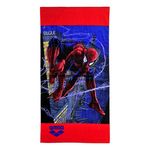 ARENA Serviette Spiderman  Garçon Arena Towel. Coloris disponibles : Bleu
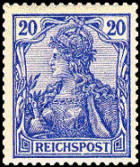 Briefmarke Deutsches Reich Nr.57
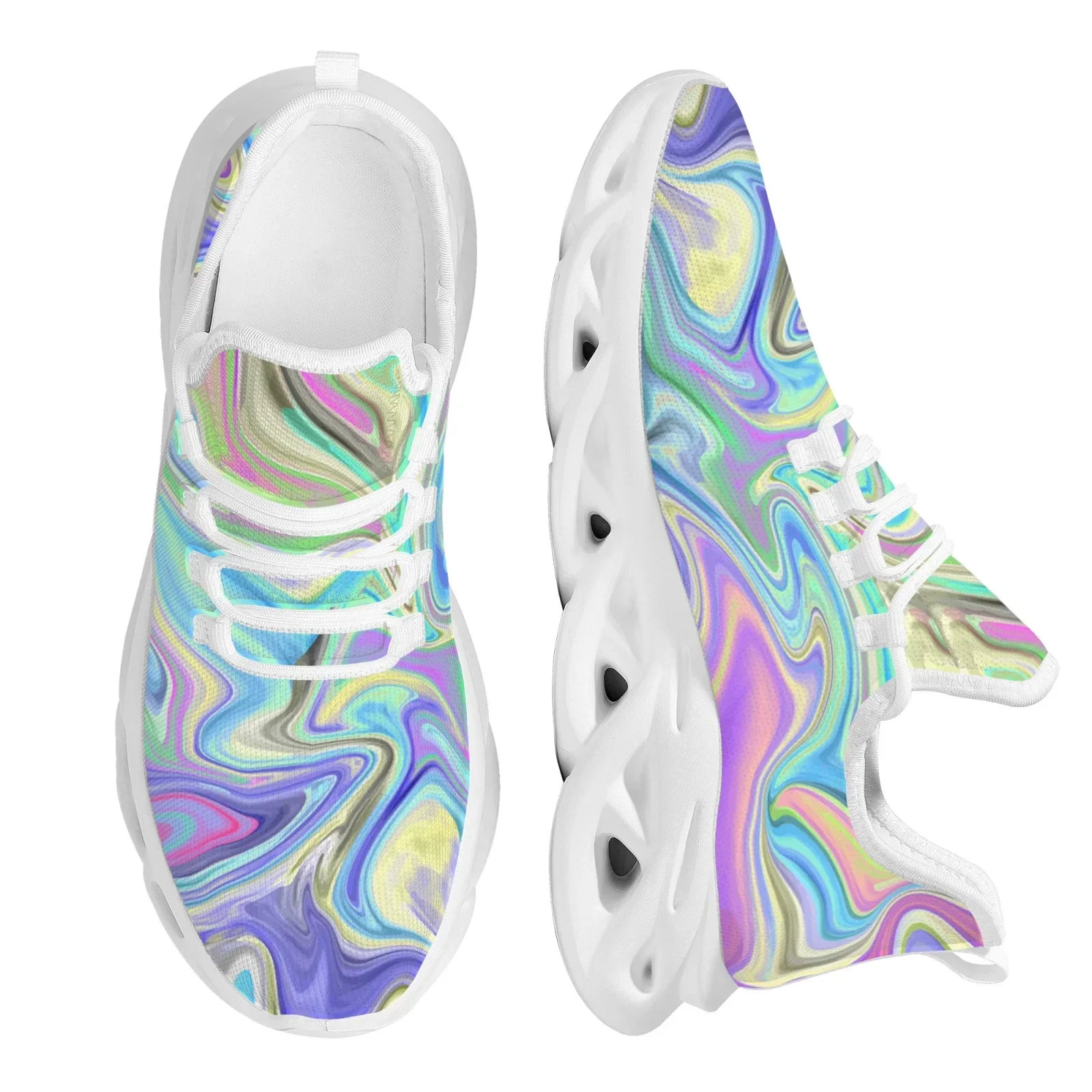 Fashion Trippy Colorful Mesh B - Men'S Fashion Running Shoes recension och pris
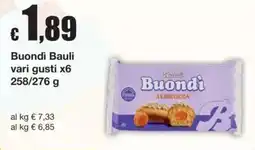 Sì con te Buondi Bauli offerta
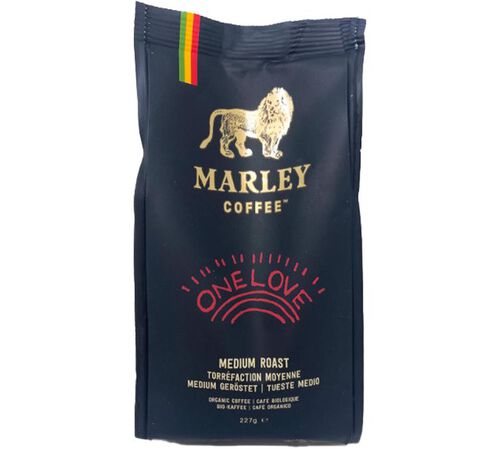 Marley Coffee Organic Coffee Beans  One Love - 227g
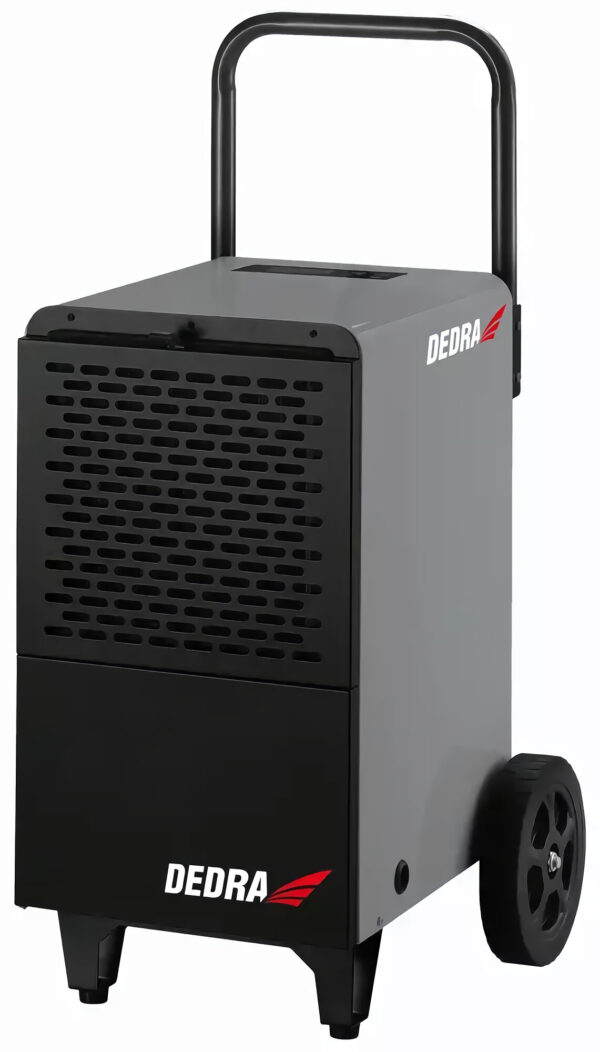 DEDRA Industrial Dehumidifier 50L/24h, 7L Tank, 2500
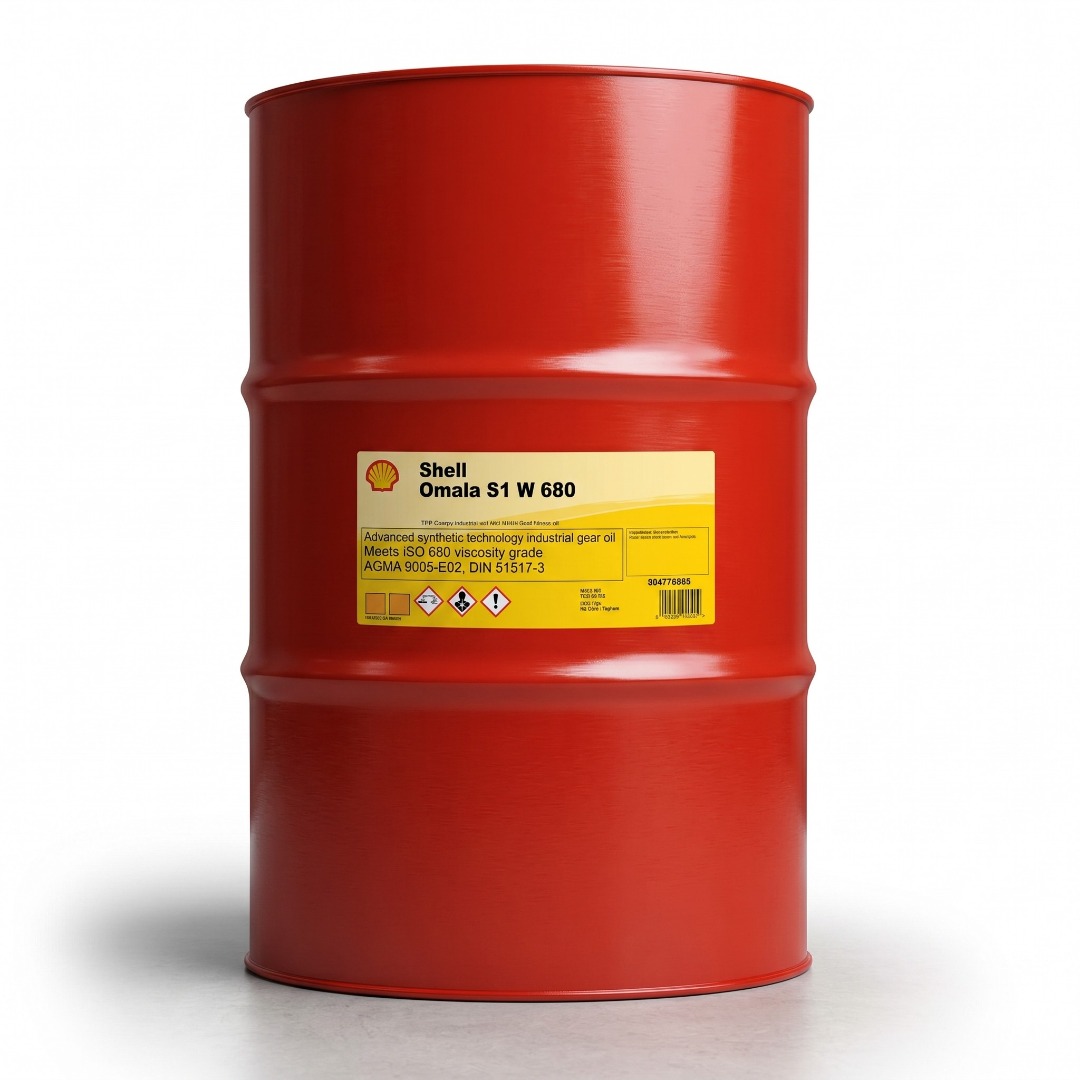 Shell Omala S1 W 680 1*55 GAL DRUM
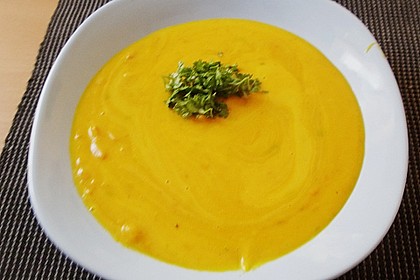 Kürbiscremesuppe 16
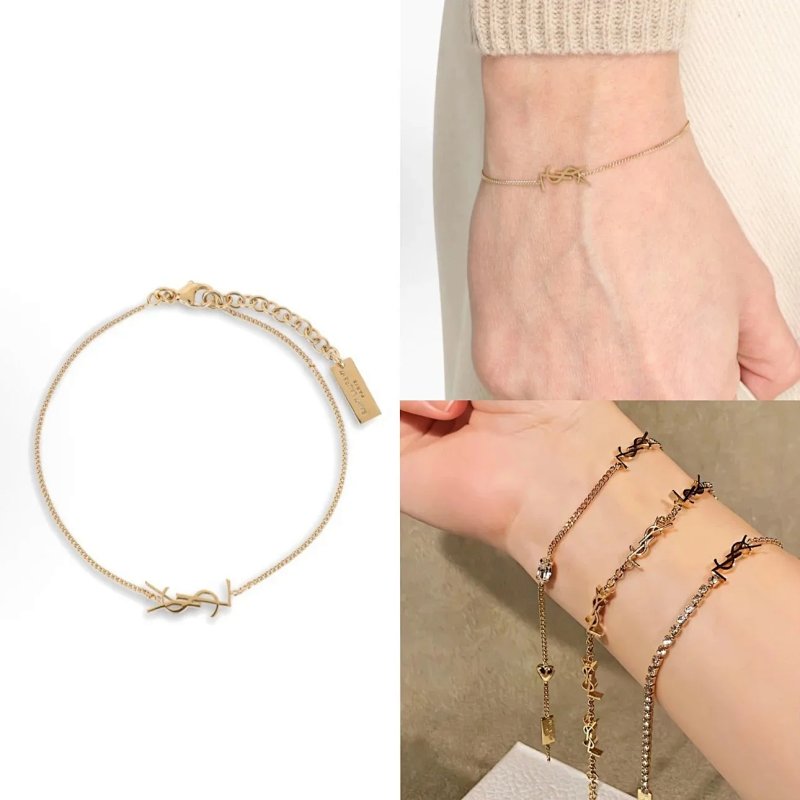 Saint Laurent bracelet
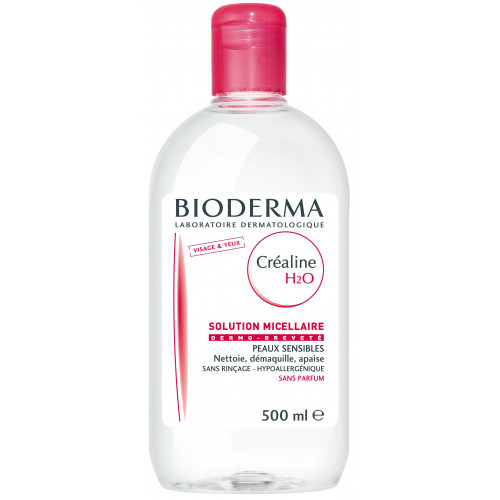 BIODERMA CREALINE H2O 500 mL-2707 BIODERMA CREALINE H2O 500 mL-2707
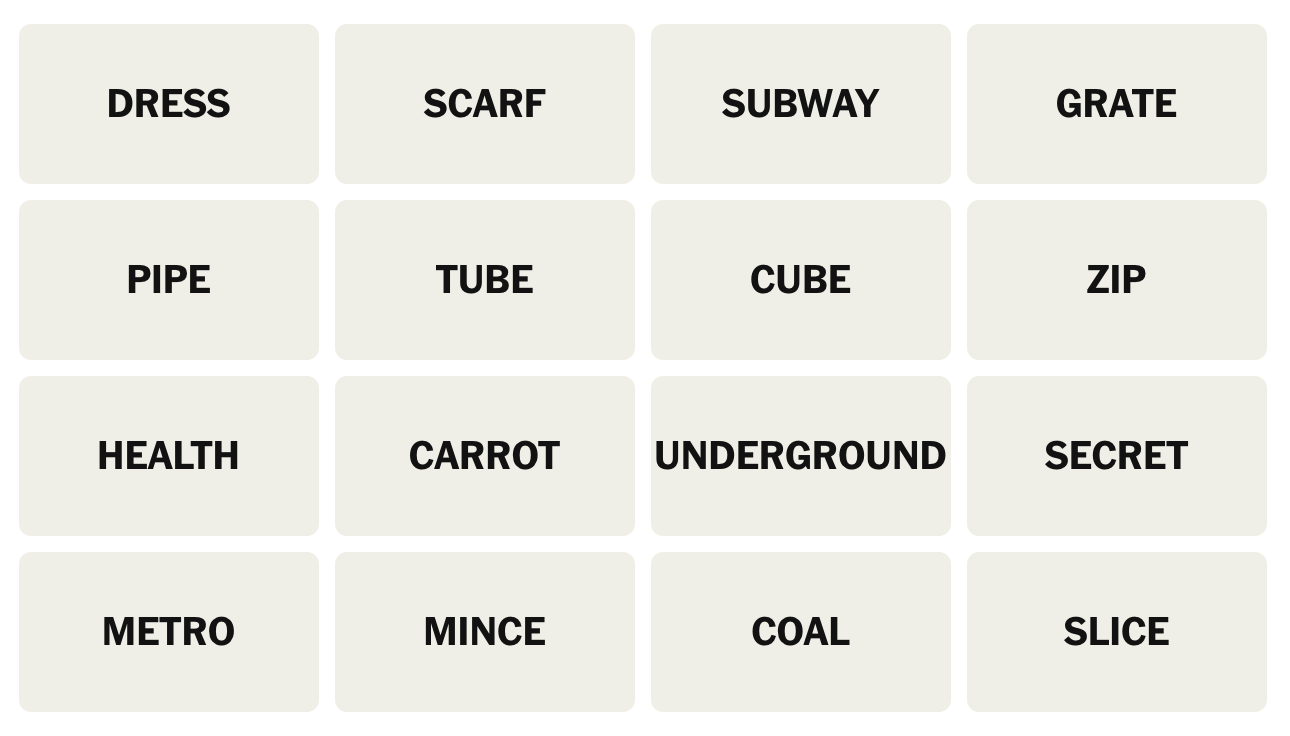 Today s NYT Connections Hints and Answer For Tuesday August 5 2025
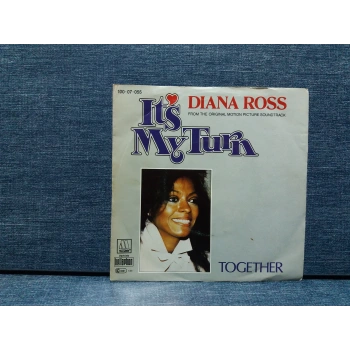DIANA ROSS ITS MY TURN TOGETHER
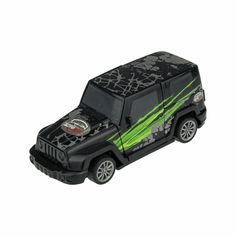 Машинка инерционная 1 TOY Т17090-1 CrashFest Automod, 10 см 1toy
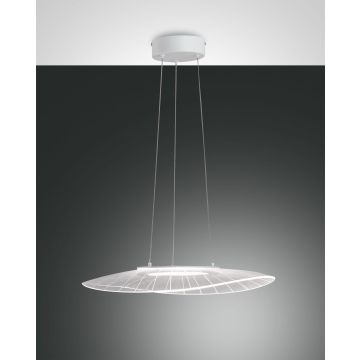 Fabas Luce LED-Pendelleuchte VELA 59cm 3625-40-102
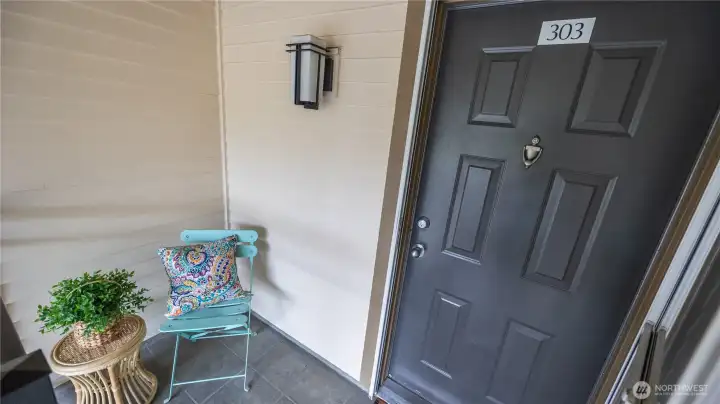 Entry landing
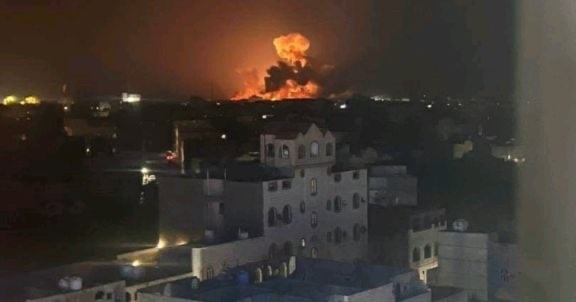 اليمن: عدوان أميركي – بريطاني عبر 9 غارات على صعدة وعمران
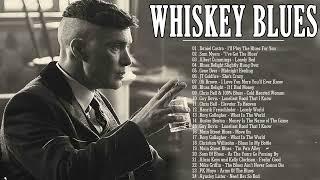 Whiskey Blues Music  Best Of Slow BluesRock Songs  Relaxing Electric Guitar blues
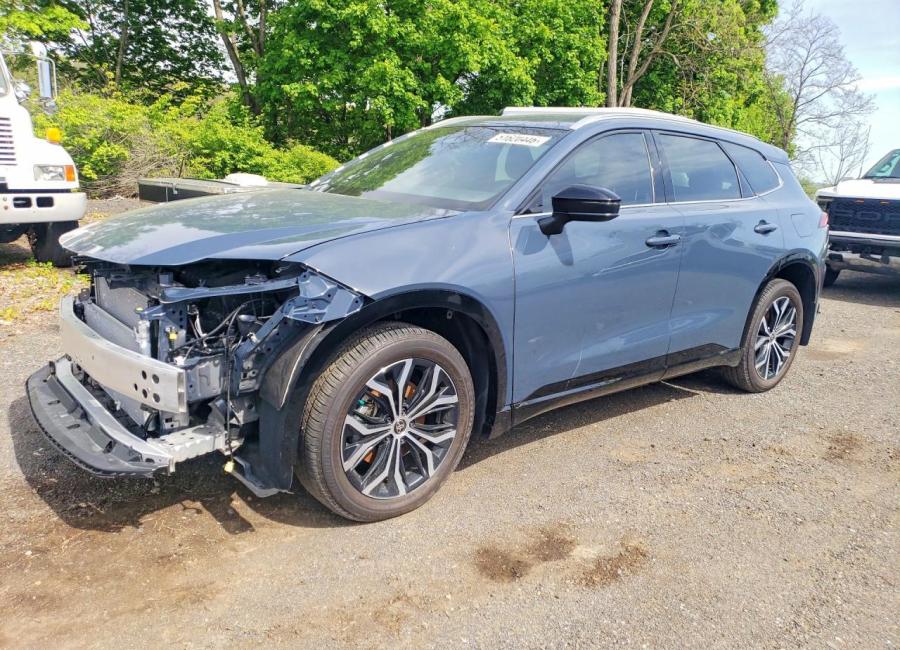 Salvage 2025 Toyota Crown Signia Xle in Blue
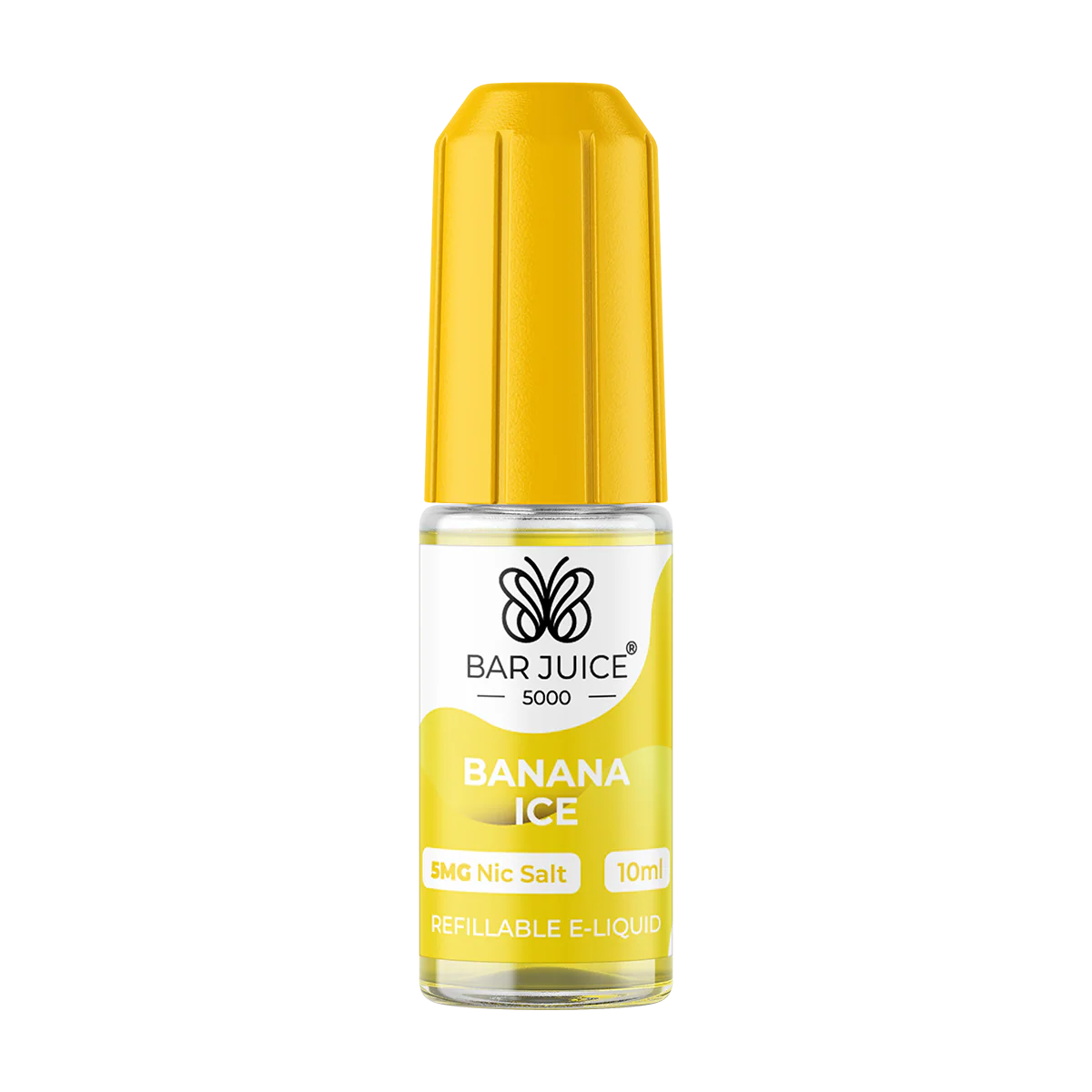 Banana Ice Nic Salt by Bar Juice 5000 - Image 3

• INSTRUCTIONS FOR THE TASK:
Please set down every line of the listing verbatim, excluding its pictures.

• TASK ANSWER:
 ARENA Serviette Spiderman  Garçon Arena Towel. Coloris disponibles : Bleu
 Briefmarke Deutsches Reich Nr.57
 Fashion Trippy Colorful Mesh B - Men'S Fashion Running Shoes recension och pris
 Sì con te Buondi Bauli offerta
 Marley Coffee Organic Coffee Beans  One Love - 227g
 DEDRA Industrial Dehumidifier 50L/24h, 7L Tank, 2500
 Shell Omala S1 W 680 1*55 GAL DRUM
 Kürbiscremesuppe 16
 Saint Laurent bracelet
 BIODERMA CREALINE H2O 500 mL-2707 BIODERMA CREALINE H2O 500 mL-2707
 Today s NYT Connections Hints and Answer For Tuesday August 5 2025
DIANA ROSS ITS MY TURN TOGETHER
 Машинка инерционная 1 TOY Т17090-1 CrashFest Automod, 10 см 1toy
 Fabas Luce LED-Pendelleuchte VELA 59cm 3625-40-102
 Entry landing
 اليمن: عدوان أميركي – بريطاني عبر 9 غارات على صعدة وعمران
 Whiskey Blues Music  Best Of Slow BluesRock Songs  Relaxing Electric Guitar blues
 Salvage 2025 Toyota Crown Signia Xle in Blue
 Banana Ice Nic Salt by Bar Juice 5000 - Image 3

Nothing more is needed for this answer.